# [Dataset records]
....

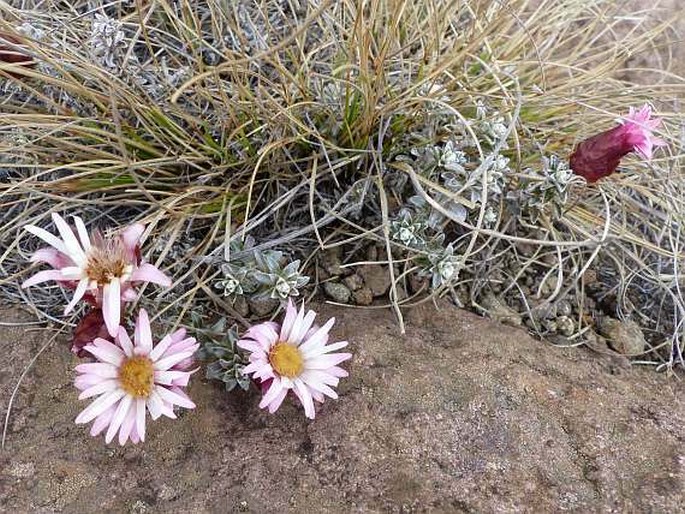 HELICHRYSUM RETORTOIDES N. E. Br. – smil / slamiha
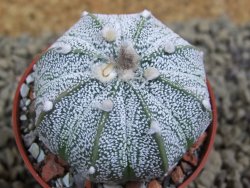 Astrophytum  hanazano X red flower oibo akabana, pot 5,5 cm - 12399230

....

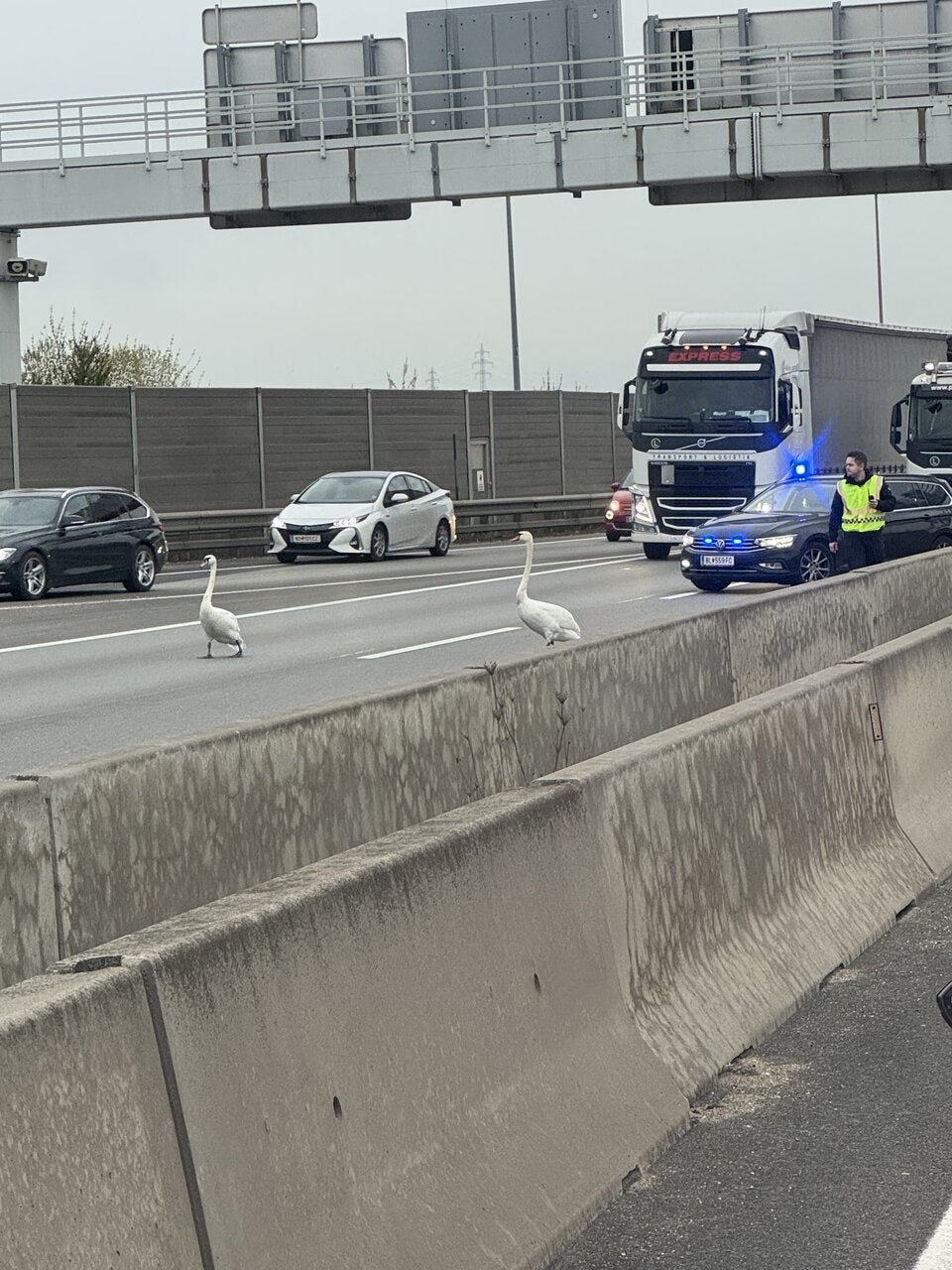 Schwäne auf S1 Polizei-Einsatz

....

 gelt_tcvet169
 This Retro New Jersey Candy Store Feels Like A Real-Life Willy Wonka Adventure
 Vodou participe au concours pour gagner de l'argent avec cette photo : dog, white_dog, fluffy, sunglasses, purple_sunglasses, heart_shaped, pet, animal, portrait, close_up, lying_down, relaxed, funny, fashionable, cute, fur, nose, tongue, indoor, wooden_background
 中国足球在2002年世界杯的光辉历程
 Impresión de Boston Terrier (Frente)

....

# [Work task]
Only one stretch of the entries above is wanted: the lines from the one containing "Vodou participe au" through the one containing "Impresión de Boston Terrier (Frente)". Please reproduce it exactly.

# [Written solution]
 Vodou participe au concours pour gagner de l'argent avec cette photo : dog, white_dog, fluffy, sunglasses, purple_sunglasses, heart_shaped, pet, animal, portrait, close_up, lying_down, relaxed, funny, fashionable, cute, fur, nose, tongue, indoor, wooden_background
 中国足球在2002年世界杯的光辉历程
 Impresión de Boston Terrier (Frente)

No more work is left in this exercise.